What is the study design?

The study design was a four-arm trial with three experimental arms, the three arms I just mentioned, and the control arm that was a systemic chemoimmunotherapy arm with FCR for the younger patients and BR for the older patients. Then patients, in total 926, were randomised in a 1:1:1:1 fashion to these four arms. Then the primary endpoints, there were two of them in this trial, were on the one hand the undetectable MRD rate two months after the end of treatment, so at month 15, and progression free survival comparisons between the treatment arms.

What were the results of this study?

The main results that we’ve already published before as well were that the venetoclax-obinutuzumab arm, so venetoclax-obinutuzumab and the triple combination of venetoclax, obinutuzumab and ibrutinib, they were both superior in terms of PFS when compared to both the venetoclax-rituximab arm and the chemoimmunotherapy arm.
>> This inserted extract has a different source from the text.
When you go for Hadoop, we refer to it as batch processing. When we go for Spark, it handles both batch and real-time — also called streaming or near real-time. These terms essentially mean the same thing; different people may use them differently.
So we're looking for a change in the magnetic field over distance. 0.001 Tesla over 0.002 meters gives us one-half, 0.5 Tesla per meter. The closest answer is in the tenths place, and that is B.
What was new now with this longer follow-up was that also the triple combination with venetoclax, obinutuzumab plus ibrutinib showed a significantly longer progression free survival compared with the doublet of venetoclax-obinutuzumab which is one of our standard treatments in Europe. This was quite a big PFS difference – at five years I think it was around 80% for the venetoclax-obinutuzumab- ibrutinib arm and around 70% for the venetoclax-obinutuzumab arm.
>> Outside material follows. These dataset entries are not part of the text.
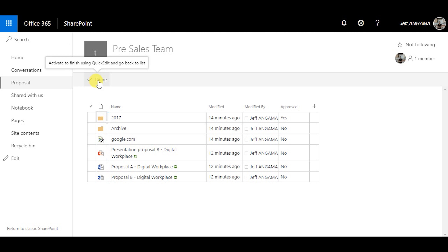The last feature is Quick Edit. This feature is available on both UIs — in the Modern UI by right-clicking and then editing, or in the Classic UI by going to Library, then Quick Edit, and you get the same option.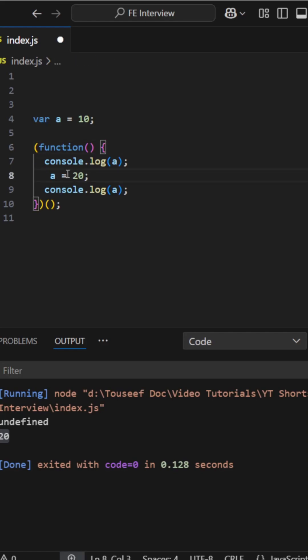Here the function uses the global variable a. So first it prints 10, then updates a to 20 and then prints 20.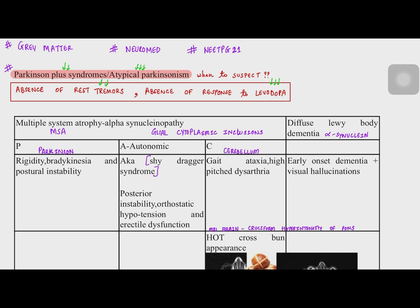Welcome to Grey Matter. In today's video we are going to talk about neuromate, which is Parkinson plus syndrome or atypical Parkinson. We suspect atypical Parkinson when there are two most important findings: absence of rest tremors and absence of response to levodopa. Apart from that, we have five major types of Parkinson plus syndrome, each with specific features that, when present alongside Parkinsonian features, indicate Parkinson plus syndrome.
This was the main PFS result, this difference was driven by very distinct differences between the IgHV unmutated patients, so patients with unmutated IgHV status benefitted very much from the triple combination whereas in patients with mutated IgHV we didn’t see any differences between these two treatment arms.

Then we had some overall survival data and this overall survival data confirmed what we’ve seen before, that there is no difference in overall survival between the treatment arms and safety-wise there were also no new safety signals. We did see a little bit of excess cardiac adverse events and a little bit of extra incidence rate, or a high incidence rate, in infectious adverse events in the triple combination when compared to the doublet but in general the safety profile was very well tolerated, the drugs were very well tolerated.

What is the clinical significance of these results?

That’s a good question we’ve also discussed a lot in the consortium that led this study. Because, on the one hand, we see a PFS benefit for the triplet arm and we somehow have to do something with it but on the other hand we are all very hesitant to use the triple combination in the first line setting due to the excess toxicities due to an impaired quality of life of the patients under treatment. That’s something I didn’t mention before but we did see impaired quality of life with the triple combination compared with the doublet and also we don’t see any overall survival difference. Also the problem if you already give all three different drugs in the first line is that it’s not as easy to treat these patients again in the second line and that’s why the clinical significance of this PFS difference is maybe not as big as it might seem when you see the PFS curves.